- [What you will do] Before you write out the listing, remove the pictures; everything else stays exactly as it is.

- [Dataset extract]
-=-=-

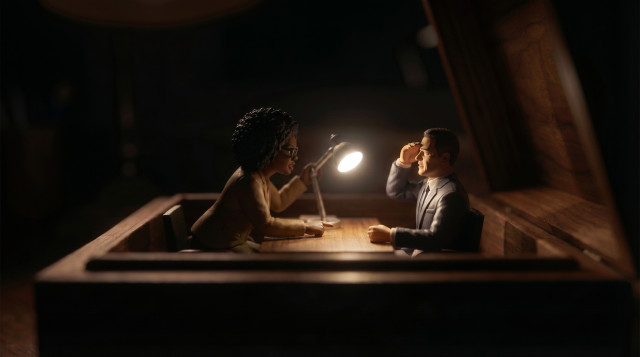 Dark dramatic diorama of a stressful interview with a lamp aimed directly at the candidate figurine
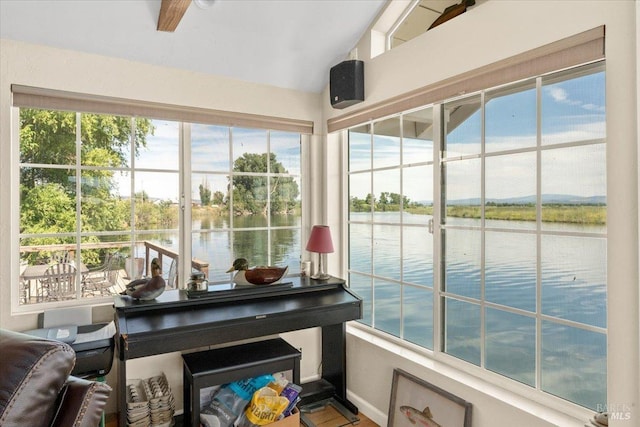 sunroom featuring a water view and lofted ceiling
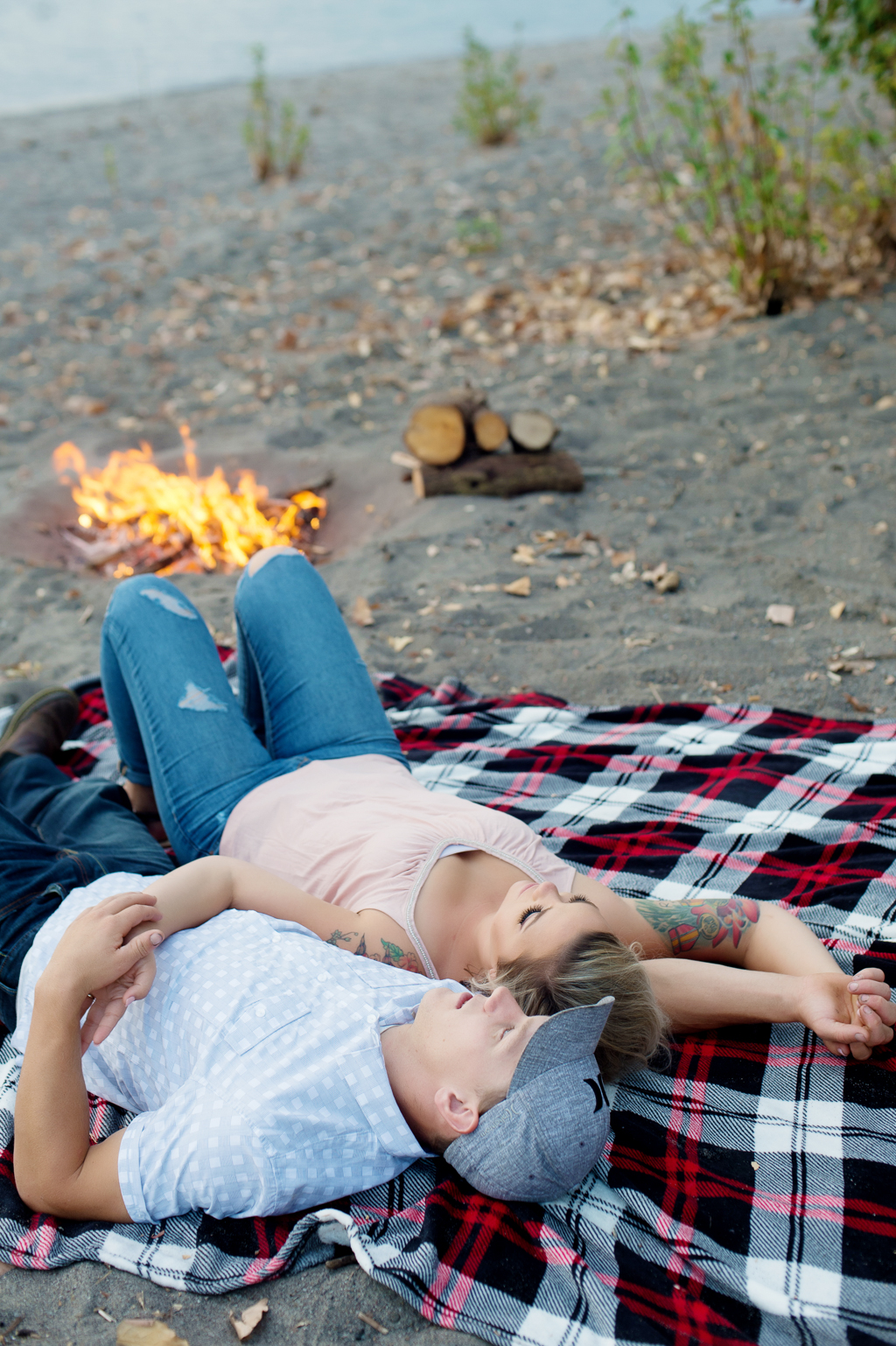 a man and woman cuddle on a plaid blanket on the beach next to a river with a campfire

-=-=-

- [Result]
 Dark dramatic diorama of a stressful interview with a lamp aimed directly at the candidate figurine
 sunroom featuring a water view and lofted ceiling
 a man and woman cuddle on a plaid blanket on the beach next to a river with a campfire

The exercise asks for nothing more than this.